At one point, Philip thought he’d reached the path that led downwards to the crossroads. There was supposed to be a farmhouse not far from the junction, though he couldn’t tell which direction it lay in. He’d been here before, years ago, and it was a pity that his memory wasn’t clearer. He’d have to hope for a distant light visible when he got nearer.

He had a map in his rucksack, of course, but none of the landmarks seemed to fit. Nothing was where it was supposed to be. A slope where it should be flat, water where there should be land. It was as if he’d stepped out of the real world into some parallel universe.

He shivered in the damp fog. And for the first time, Philip started to feel concerned. Apart from his map, he had a waterproof, a bottle of water, a spare pair of socks in case he got his feet wet. But nothing to eat, except a roll of his favourite sweets, the perfumed Parma Violets that he’d remembered from his school days. There might be some sugar in them, but they wouldn’t provide him with extra energy for long.

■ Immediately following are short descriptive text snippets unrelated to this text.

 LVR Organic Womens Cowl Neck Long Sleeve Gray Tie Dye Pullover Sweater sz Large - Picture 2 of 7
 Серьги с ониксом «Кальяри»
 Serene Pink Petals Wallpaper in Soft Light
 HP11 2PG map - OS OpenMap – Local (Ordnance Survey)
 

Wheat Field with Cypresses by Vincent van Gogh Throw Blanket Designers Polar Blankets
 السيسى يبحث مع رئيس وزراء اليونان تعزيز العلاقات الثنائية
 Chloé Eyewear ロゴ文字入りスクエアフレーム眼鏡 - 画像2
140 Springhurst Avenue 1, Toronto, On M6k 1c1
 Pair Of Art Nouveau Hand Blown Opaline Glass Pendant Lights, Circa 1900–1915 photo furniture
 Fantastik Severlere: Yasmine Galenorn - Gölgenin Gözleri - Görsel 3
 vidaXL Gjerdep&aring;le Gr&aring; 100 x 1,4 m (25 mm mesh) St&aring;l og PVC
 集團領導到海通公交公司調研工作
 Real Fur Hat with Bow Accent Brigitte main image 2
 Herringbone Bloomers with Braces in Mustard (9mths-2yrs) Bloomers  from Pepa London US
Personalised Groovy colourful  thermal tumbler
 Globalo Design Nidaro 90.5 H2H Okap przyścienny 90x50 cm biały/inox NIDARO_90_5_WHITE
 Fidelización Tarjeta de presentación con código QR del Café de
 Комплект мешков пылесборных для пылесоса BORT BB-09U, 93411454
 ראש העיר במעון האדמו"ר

Philip kept walking, but without recognizing any signs or gateways. Twenty minutes later, when his foot slipped into a hole and his ankle doubled up underneath him, he knew he wasn’t on the path at all. For the last few hundred yards, the slope of the land had been tending upwards, not down. The ache in his calf muscles was enough to tell him that fact, but he’d been trying not to notice it.

As he nursed his painful ankle and wiped a bloodied scratch on his hand, he knew that he was now in difficulties. He had no idea what direction he’d been walking in, or whether he’d even set off from the place he thought he had twenty minutes ago. His ankle wasn’t actually sprained, and he could still walk on it, if he was careful. But the fog was as thick as ever, and there were no lights visible, no sound of traffic from any direction. His senses detected nothing around him except muffled rustlings and coughs in the heather, sounds that he took for the presence of sheep.